--- RAW DATA ---
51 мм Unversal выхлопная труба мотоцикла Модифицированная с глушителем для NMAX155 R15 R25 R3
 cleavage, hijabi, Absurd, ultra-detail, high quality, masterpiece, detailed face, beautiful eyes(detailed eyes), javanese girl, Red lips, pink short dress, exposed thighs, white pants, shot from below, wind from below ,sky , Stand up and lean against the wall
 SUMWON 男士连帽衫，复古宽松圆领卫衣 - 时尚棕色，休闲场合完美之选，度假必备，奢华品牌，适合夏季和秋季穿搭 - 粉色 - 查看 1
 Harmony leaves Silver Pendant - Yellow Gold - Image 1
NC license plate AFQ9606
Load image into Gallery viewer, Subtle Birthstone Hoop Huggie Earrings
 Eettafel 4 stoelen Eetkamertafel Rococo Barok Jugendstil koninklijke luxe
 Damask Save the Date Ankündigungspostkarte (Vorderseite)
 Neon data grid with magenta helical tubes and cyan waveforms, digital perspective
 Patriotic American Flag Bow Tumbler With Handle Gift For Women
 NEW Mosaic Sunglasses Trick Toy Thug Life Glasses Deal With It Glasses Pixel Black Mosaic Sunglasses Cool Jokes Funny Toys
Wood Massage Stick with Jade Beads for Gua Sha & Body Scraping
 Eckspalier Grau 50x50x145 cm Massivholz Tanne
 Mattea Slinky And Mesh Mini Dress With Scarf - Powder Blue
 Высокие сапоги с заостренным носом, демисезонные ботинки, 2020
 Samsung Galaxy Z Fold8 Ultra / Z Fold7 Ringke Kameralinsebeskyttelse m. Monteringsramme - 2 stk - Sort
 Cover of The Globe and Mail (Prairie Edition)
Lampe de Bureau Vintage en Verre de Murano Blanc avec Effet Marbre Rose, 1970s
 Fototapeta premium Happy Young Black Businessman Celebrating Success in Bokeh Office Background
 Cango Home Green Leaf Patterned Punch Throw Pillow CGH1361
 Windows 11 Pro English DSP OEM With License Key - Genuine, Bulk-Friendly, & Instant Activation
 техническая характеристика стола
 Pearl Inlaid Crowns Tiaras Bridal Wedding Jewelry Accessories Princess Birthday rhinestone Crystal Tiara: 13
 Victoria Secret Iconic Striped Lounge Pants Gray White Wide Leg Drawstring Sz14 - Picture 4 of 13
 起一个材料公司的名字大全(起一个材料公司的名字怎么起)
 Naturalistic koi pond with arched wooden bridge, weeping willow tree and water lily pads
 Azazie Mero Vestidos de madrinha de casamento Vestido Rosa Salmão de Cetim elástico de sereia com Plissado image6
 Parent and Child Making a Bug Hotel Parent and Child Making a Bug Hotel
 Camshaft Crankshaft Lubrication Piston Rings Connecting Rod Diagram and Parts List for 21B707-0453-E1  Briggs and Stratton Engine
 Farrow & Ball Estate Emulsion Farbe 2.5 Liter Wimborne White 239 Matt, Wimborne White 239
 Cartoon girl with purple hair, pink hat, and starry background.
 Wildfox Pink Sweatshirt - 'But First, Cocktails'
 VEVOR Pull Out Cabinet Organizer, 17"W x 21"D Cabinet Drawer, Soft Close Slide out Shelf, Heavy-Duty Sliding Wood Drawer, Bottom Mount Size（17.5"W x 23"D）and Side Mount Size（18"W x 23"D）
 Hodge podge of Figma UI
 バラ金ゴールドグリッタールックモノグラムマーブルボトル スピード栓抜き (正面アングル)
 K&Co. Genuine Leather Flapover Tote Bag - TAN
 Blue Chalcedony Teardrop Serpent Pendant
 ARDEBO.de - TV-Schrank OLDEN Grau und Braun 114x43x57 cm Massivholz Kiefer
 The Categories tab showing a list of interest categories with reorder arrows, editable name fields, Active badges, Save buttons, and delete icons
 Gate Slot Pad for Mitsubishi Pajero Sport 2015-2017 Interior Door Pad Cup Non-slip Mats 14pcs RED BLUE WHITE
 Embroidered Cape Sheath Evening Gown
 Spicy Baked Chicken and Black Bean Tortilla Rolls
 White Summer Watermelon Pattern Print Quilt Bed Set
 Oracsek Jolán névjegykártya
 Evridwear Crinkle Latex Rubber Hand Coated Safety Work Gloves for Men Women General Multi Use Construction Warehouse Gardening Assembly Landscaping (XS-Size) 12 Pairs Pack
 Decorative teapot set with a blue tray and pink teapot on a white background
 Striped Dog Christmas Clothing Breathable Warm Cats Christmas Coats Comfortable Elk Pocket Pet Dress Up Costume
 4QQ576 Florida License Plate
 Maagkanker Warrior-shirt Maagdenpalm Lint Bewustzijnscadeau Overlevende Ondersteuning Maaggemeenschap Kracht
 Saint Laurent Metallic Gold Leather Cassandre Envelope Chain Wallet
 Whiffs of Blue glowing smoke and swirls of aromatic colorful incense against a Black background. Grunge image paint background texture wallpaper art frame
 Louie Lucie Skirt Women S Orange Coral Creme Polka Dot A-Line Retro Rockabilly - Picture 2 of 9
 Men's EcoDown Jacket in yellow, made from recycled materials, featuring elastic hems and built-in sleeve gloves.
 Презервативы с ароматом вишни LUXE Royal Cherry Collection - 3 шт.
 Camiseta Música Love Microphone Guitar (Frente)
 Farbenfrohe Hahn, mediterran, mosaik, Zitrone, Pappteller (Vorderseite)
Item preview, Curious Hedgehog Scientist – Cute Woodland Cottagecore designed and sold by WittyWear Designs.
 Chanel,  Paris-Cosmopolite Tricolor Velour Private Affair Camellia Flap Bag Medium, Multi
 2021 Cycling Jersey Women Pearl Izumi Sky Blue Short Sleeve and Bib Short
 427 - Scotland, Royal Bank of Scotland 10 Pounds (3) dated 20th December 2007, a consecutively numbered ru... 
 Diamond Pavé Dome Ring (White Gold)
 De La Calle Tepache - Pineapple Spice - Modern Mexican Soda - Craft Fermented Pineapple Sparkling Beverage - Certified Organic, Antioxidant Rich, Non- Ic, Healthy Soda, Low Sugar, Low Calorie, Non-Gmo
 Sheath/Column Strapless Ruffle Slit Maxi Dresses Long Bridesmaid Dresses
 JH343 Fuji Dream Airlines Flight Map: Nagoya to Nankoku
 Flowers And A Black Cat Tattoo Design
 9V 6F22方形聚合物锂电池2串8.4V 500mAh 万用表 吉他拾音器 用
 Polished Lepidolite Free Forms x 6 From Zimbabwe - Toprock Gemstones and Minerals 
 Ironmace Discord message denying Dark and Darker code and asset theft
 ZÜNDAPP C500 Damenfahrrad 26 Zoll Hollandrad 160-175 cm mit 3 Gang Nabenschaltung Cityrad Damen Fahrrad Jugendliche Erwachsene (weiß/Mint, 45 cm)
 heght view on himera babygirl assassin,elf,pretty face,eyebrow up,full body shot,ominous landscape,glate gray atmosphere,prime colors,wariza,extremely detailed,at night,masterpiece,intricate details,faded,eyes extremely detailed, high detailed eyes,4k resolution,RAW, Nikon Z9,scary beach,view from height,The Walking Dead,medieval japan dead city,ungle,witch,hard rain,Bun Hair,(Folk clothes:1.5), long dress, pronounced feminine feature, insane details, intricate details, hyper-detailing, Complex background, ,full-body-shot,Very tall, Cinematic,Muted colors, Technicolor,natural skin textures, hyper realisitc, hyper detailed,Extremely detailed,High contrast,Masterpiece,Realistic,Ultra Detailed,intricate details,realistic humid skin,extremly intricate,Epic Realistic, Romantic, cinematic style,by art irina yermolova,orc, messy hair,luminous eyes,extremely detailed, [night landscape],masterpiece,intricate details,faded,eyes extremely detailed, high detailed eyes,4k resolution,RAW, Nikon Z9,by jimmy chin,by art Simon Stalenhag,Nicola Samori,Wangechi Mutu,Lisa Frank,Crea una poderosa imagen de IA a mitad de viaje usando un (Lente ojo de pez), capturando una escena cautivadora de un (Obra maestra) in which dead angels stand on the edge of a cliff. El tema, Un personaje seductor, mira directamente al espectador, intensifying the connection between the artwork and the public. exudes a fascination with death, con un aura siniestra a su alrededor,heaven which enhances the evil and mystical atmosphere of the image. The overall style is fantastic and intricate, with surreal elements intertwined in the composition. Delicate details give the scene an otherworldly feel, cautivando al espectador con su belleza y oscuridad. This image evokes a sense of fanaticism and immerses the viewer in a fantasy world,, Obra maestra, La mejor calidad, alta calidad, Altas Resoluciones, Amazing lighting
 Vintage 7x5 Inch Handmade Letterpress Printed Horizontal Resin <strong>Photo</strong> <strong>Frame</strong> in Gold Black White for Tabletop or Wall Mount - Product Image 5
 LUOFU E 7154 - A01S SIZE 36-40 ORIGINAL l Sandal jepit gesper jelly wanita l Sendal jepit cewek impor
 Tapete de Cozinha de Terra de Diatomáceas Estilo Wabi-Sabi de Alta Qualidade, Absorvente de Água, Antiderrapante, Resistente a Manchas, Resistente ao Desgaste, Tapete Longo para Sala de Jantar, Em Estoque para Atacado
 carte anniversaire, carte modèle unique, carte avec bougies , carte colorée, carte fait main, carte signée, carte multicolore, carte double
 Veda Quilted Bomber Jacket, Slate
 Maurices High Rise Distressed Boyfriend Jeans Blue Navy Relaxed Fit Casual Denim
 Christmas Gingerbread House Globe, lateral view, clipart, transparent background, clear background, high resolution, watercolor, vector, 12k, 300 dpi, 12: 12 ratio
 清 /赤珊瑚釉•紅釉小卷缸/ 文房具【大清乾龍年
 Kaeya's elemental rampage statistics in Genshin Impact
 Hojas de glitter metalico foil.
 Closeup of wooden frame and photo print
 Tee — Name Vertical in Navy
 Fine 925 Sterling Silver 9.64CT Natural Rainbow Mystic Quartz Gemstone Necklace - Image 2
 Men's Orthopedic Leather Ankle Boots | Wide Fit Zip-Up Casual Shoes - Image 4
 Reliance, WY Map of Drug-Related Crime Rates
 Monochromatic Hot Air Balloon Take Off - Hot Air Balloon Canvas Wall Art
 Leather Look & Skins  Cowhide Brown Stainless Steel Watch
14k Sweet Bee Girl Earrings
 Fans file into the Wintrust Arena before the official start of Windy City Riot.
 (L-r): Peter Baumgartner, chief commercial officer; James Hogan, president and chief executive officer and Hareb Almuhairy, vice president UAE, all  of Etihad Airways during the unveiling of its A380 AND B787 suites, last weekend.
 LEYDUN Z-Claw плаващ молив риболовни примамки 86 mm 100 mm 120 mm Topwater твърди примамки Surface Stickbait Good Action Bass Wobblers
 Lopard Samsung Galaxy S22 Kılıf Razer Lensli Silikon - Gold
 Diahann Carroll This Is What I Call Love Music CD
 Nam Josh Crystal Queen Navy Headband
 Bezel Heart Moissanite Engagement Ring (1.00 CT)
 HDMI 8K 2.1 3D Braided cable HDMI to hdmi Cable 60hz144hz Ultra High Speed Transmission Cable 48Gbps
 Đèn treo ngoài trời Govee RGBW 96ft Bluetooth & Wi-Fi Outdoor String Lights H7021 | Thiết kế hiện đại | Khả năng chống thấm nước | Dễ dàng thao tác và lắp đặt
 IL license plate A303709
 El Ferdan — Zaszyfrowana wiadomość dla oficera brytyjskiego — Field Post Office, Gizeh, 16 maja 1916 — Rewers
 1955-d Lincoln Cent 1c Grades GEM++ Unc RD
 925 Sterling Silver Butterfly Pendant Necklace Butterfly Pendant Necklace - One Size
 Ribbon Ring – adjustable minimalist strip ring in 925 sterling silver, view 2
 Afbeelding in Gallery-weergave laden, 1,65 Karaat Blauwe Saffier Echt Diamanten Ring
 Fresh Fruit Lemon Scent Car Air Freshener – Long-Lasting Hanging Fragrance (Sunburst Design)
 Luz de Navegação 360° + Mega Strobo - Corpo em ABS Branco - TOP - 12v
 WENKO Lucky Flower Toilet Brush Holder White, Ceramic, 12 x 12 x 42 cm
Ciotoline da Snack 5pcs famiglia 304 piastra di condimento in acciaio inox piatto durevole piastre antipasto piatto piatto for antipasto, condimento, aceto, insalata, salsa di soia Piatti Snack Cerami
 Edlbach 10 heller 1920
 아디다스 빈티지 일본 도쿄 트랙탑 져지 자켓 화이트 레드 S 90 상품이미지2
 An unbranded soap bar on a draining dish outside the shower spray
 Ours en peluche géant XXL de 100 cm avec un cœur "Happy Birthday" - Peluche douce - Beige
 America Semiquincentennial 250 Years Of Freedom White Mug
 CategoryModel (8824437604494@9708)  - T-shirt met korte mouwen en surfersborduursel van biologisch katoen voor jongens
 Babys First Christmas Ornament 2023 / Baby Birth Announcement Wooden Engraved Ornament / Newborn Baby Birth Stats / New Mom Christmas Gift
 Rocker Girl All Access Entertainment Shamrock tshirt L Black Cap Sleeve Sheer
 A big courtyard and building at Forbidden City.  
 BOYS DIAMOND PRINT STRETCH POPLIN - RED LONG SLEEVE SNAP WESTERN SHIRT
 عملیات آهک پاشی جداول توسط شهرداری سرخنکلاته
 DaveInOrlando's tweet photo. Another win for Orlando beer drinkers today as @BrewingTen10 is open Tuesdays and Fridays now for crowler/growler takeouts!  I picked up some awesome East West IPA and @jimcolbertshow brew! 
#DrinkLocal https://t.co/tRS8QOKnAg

--- WORK REQUEST ---
Take exactly the lines from the one containing "Diahann Carroll This" through the one containing "عملیات آهک پاشی جداول توسط شهرداری سرخنکلاته" in the data above, and output them with nothing added.

--- SOLUTION BELOW ---
 Diahann Carroll This Is What I Call Love Music CD
 Nam Josh Crystal Queen Navy Headband
 Bezel Heart Moissanite Engagement Ring (1.00 CT)
 HDMI 8K 2.1 3D Braided cable HDMI to hdmi Cable 60hz144hz Ultra High Speed Transmission Cable 48Gbps
 Đèn treo ngoài trời Govee RGBW 96ft Bluetooth & Wi-Fi Outdoor String Lights H7021 | Thiết kế hiện đại | Khả năng chống thấm nước | Dễ dàng thao tác và lắp đặt
 IL license plate A303709
 El Ferdan — Zaszyfrowana wiadomość dla oficera brytyjskiego — Field Post Office, Gizeh, 16 maja 1916 — Rewers
 1955-d Lincoln Cent 1c Grades GEM++ Unc RD
 925 Sterling Silver Butterfly Pendant Necklace Butterfly Pendant Necklace - One Size
 Ribbon Ring – adjustable minimalist strip ring in 925 sterling silver, view 2
 Afbeelding in Gallery-weergave laden, 1,65 Karaat Blauwe Saffier Echt Diamanten Ring
 Fresh Fruit Lemon Scent Car Air Freshener – Long-Lasting Hanging Fragrance (Sunburst Design)
 Luz de Navegação 360° + Mega Strobo - Corpo em ABS Branco - TOP - 12v
 WENKO Lucky Flower Toilet Brush Holder White, Ceramic, 12 x 12 x 42 cm
Ciotoline da Snack 5pcs famiglia 304 piastra di condimento in acciaio inox piatto durevole piastre antipasto piatto piatto for antipasto, condimento, aceto, insalata, salsa di soia Piatti Snack Cerami
 Edlbach 10 heller 1920
 아디다스 빈티지 일본 도쿄 트랙탑 져지 자켓 화이트 레드 S 90 상품이미지2
 An unbranded soap bar on a draining dish outside the shower spray
 Ours en peluche géant XXL de 100 cm avec un cœur "Happy Birthday" - Peluche douce - Beige
 America Semiquincentennial 250 Years Of Freedom White Mug
 CategoryModel (8824437604494@9708)  - T-shirt met korte mouwen en surfersborduursel van biologisch katoen voor jongens
 Babys First Christmas Ornament 2023 / Baby Birth Announcement Wooden Engraved Ornament / Newborn Baby Birth Stats / New Mom Christmas Gift
 Rocker Girl All Access Entertainment Shamrock tshirt L Black Cap Sleeve Sheer
 A big courtyard and building at Forbidden City.  
 BOYS DIAMOND PRINT STRETCH POPLIN - RED LONG SLEEVE SNAP WESTERN SHIRT
 عملیات آهک پاشی جداول توسط شهرداری سرخنکلاته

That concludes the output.